Dynamic risk assessment is a phrase that is often discussed, but rarely understood. Organisations who realise the significance of undertaking this type of risk assessment on a consistent basis are often better at managing overall risk. Ultimately, robust and routine dynamic risk assessments are a key part of a structured, cyclical management system and if they are routinely undertaken within the organisation it can significantly improve the quality of risk assessments that are used by organisations every day. Dynamic risk assessment can help any organisation achieve high-level strategic improvement though proactive identification of information on unforeseen hazards which can be fed into existing systems to improve overall risk management.

Dynamic risk assessment is the practice of observing and identifying potentially unidentified risks often in a new or everchanging workplace environments on the spot, hence they are sometimes referred to as “on the spot assessments”.

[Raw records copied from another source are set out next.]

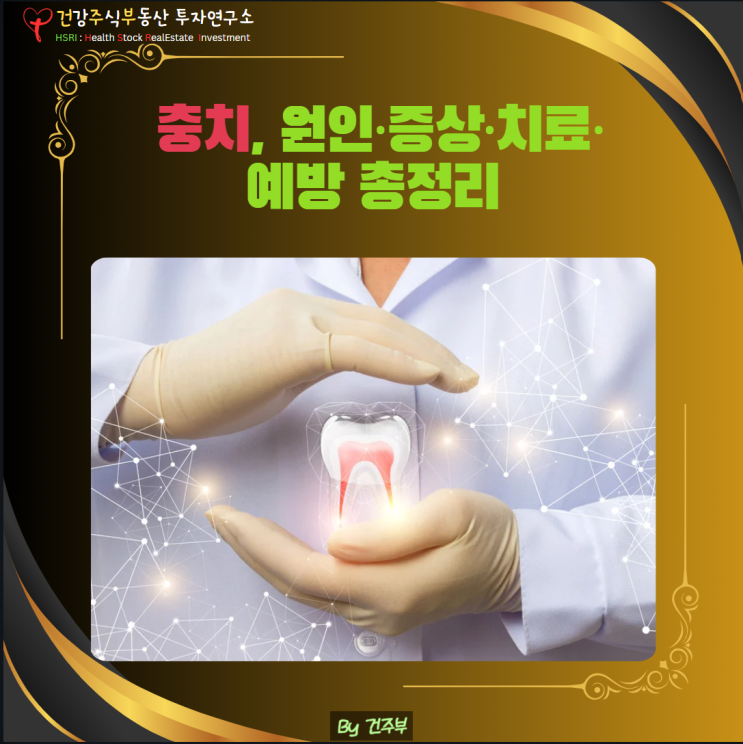  충치, 방치하면 큰일 납니다! 원인·증상·치료·예방 총정리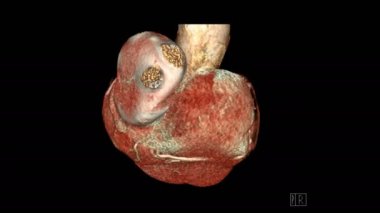 CTA koroner arter 3D görüntüleme görüntüsü, damar koroner arter stenozu teşhisi için ekranı çevirin. .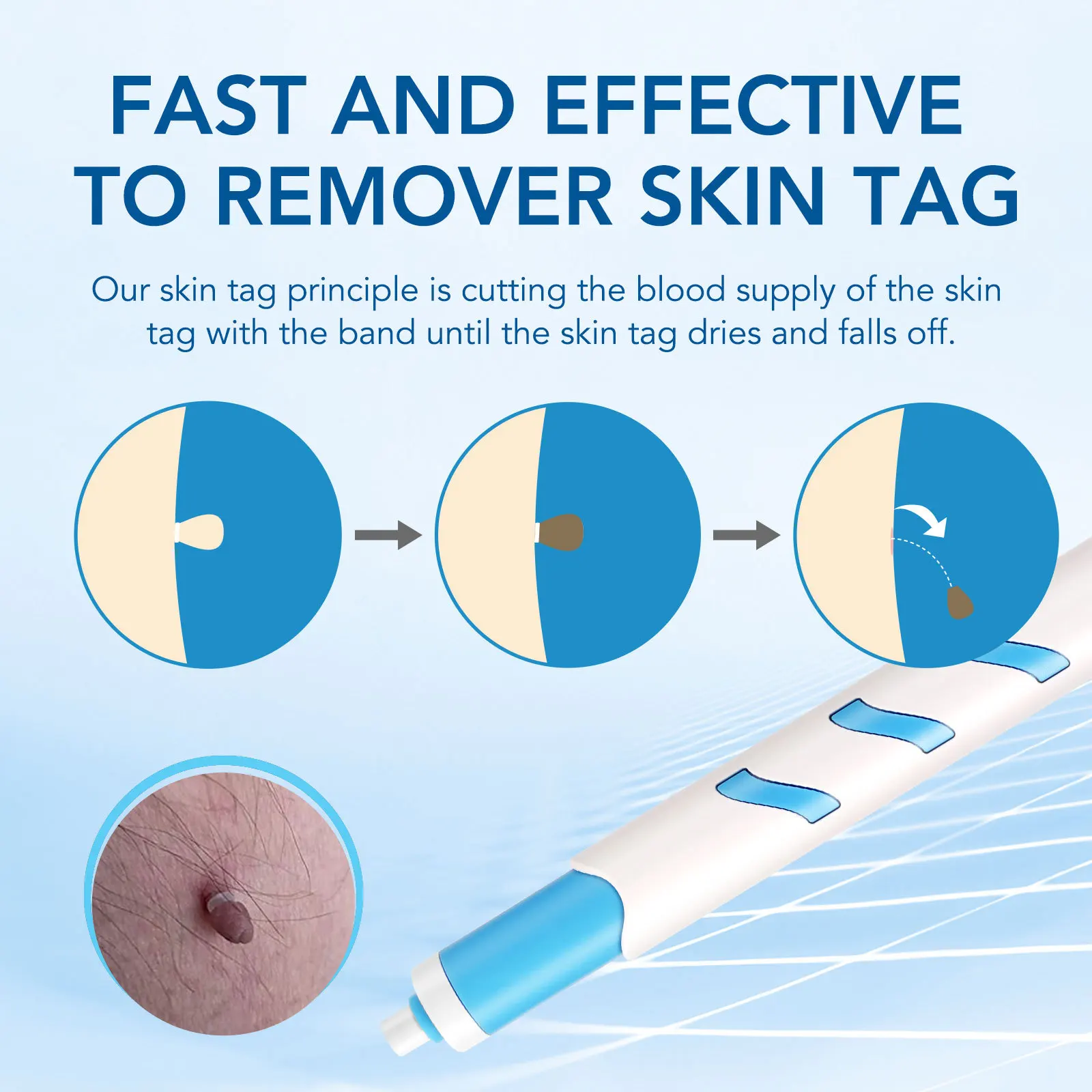 Home Use Painless Safe Skin Tag Mole Wart Spot Removal Equipment for Smooth Skin Wart Remover Eyelid Lifting Acne Treatment Pen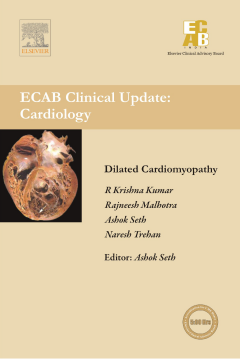 Dilated Cardiomyopathy - ECAB Dilated Cardiomyopathy - ECAB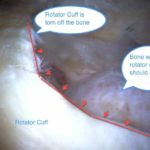 rotator cuff tear pain when lifting the arm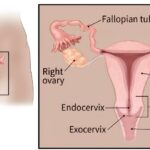 Rahim Ağzı Kanseri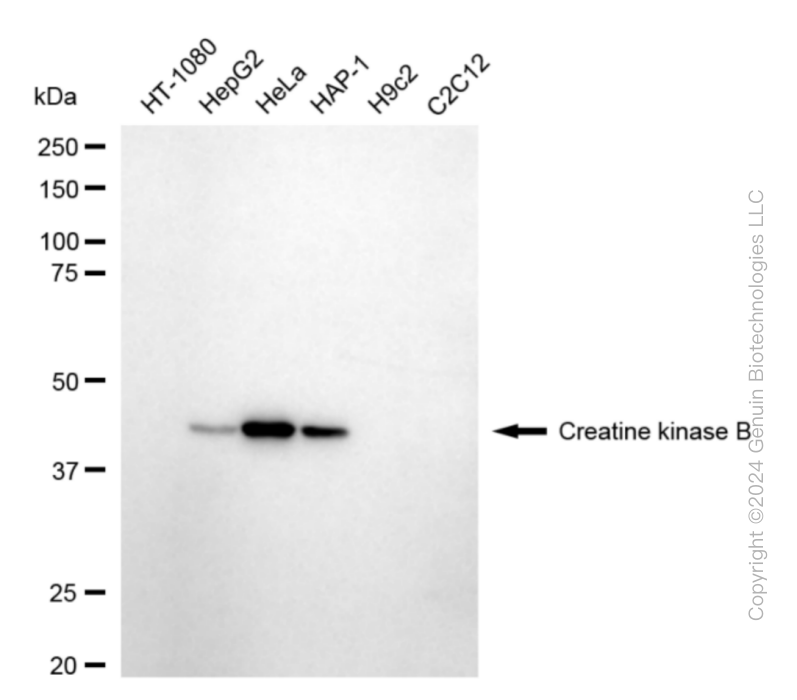 CKB antibody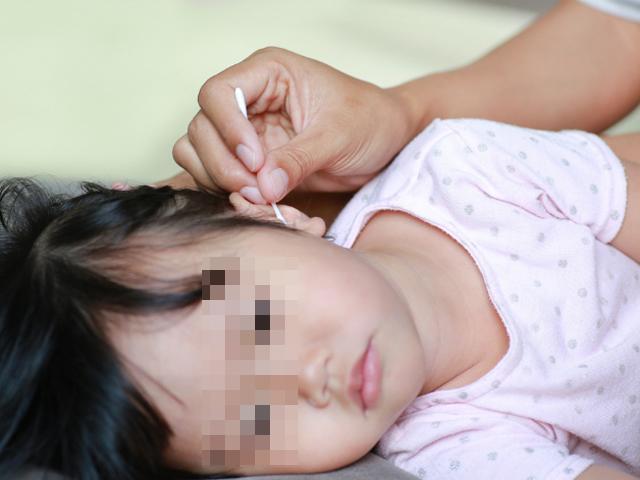 Bé gái bị nhiễm trùng tai, thủng màng nhĩ do mẹ chủ quan nghĩ con không sao
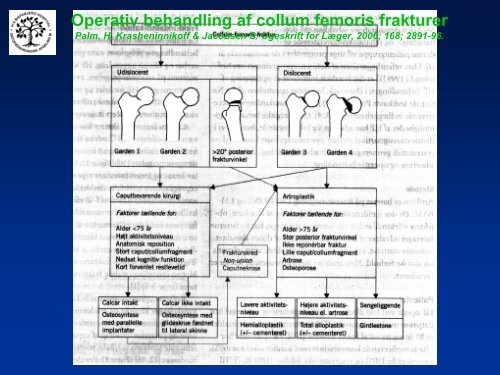 Collum femoris frakturer - a-kursus.dk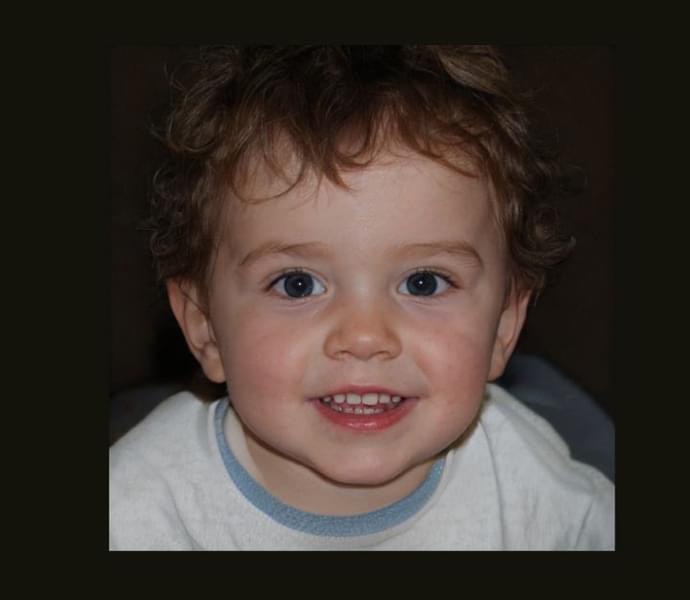 ���˲�����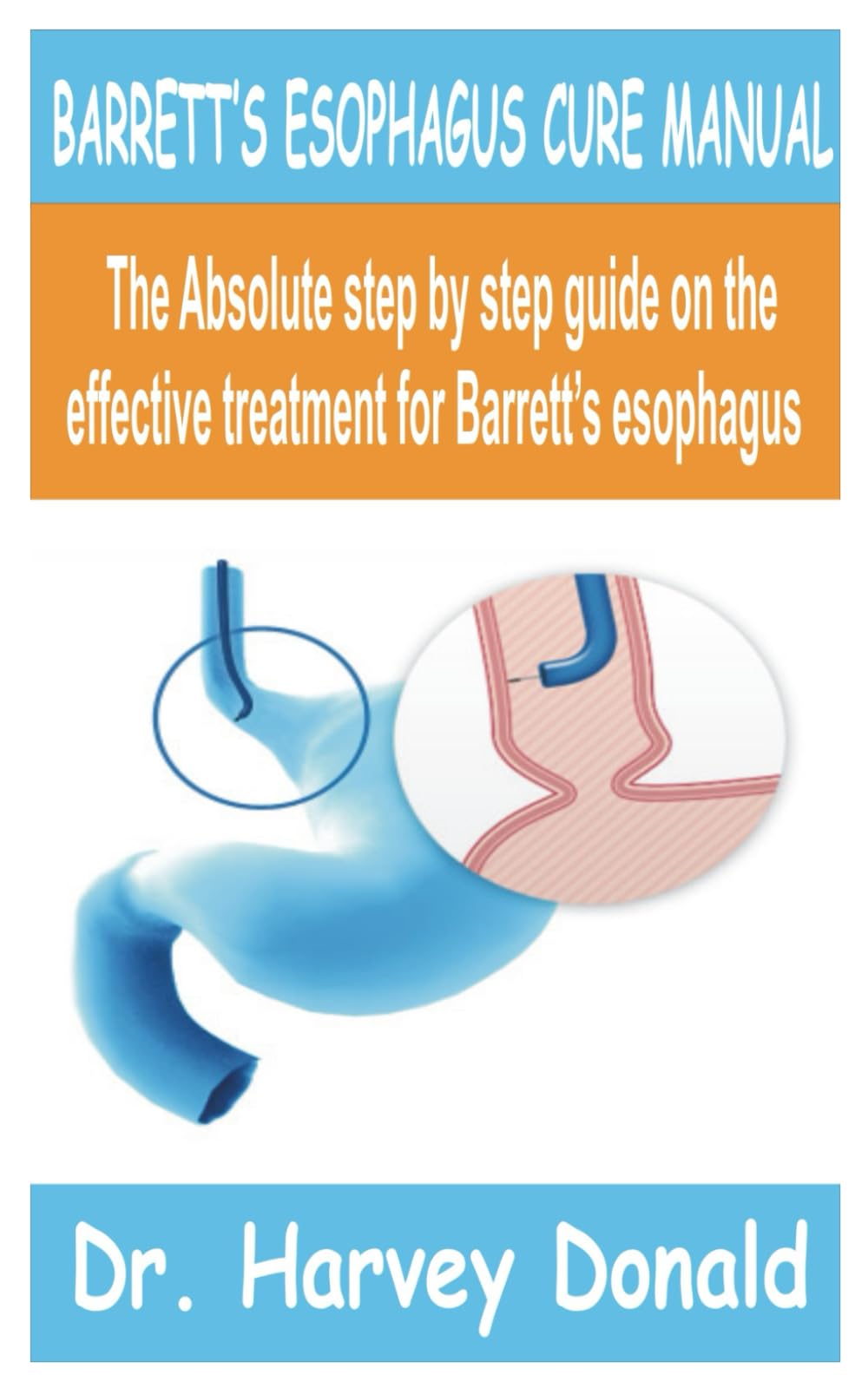 BARRETT’S ESOPHAGUS CURE MANUAL: The Absolute Step by step guide on the effective treatment for barrett’s esophagus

Teaching your staff the skills involved in dynamic assessment empowers them to undertake wide ranging assessments of risk and to make prompt decisions about managing risks which may fail to be spotted using the traditional risk assessment approach. These decisions may result in the successful elimination of hazards, or the implementation of control measures to actively manage the newly identified risks then and there.

A dynamic risk assessment is intrinsically different from a general or generic risk assessment. A dynamic risk assessment is not a replacement for the organisations existing risk assessment system. Dynamic risk assessments should supplement the structured systems already in existence by providing additional insight into new or unforeseen hazards and subsequent risks every time your staff visit a new workplace environment, or an emergency event unfolds. For example; fire-fighters will routinely use dynamic risk assessment systems to assess ever-changing risk during emergencies.

There are some key things to remember when conducting dynamic risk assessments. Firstly, it is important to teach all staff who may be exposed to unforeseen risk to assess in a dynamic way. They must be made aware from before they reach any new environment or situation that not all significant risk may have been foreseen and therefore, they must be constantly looking for new hazards that maybe significant in the circumstance. They must have an ‘exit strategy’ before they enter any area or environment that may have the potential to be hazardous and must be made aware to use human instinct; as if it does not feel right to them, it is usually is not right.

Providing tools, such as category identification lists, hazard spotting sheets and proformas, along with hazard awareness training can increase staff competence in identifying the nature and the types of hazards that they may face and the extent that these hazards may be significant in terms of risk.

The most significant benefit of conducting dynamic risk assessments is spotting uncontrolled or poorly controlled hazards, therefore increasing organisational awareness of previously unidentified risk. This means people are much less likely to be harmed during non-routine activities and the organisation has an opportunity to learn valuable lessons from what is identified during assessments. Organisations can feed this information into their existing health and safety management systems to ensure that they are both continuously improving the system and the practical management of risk.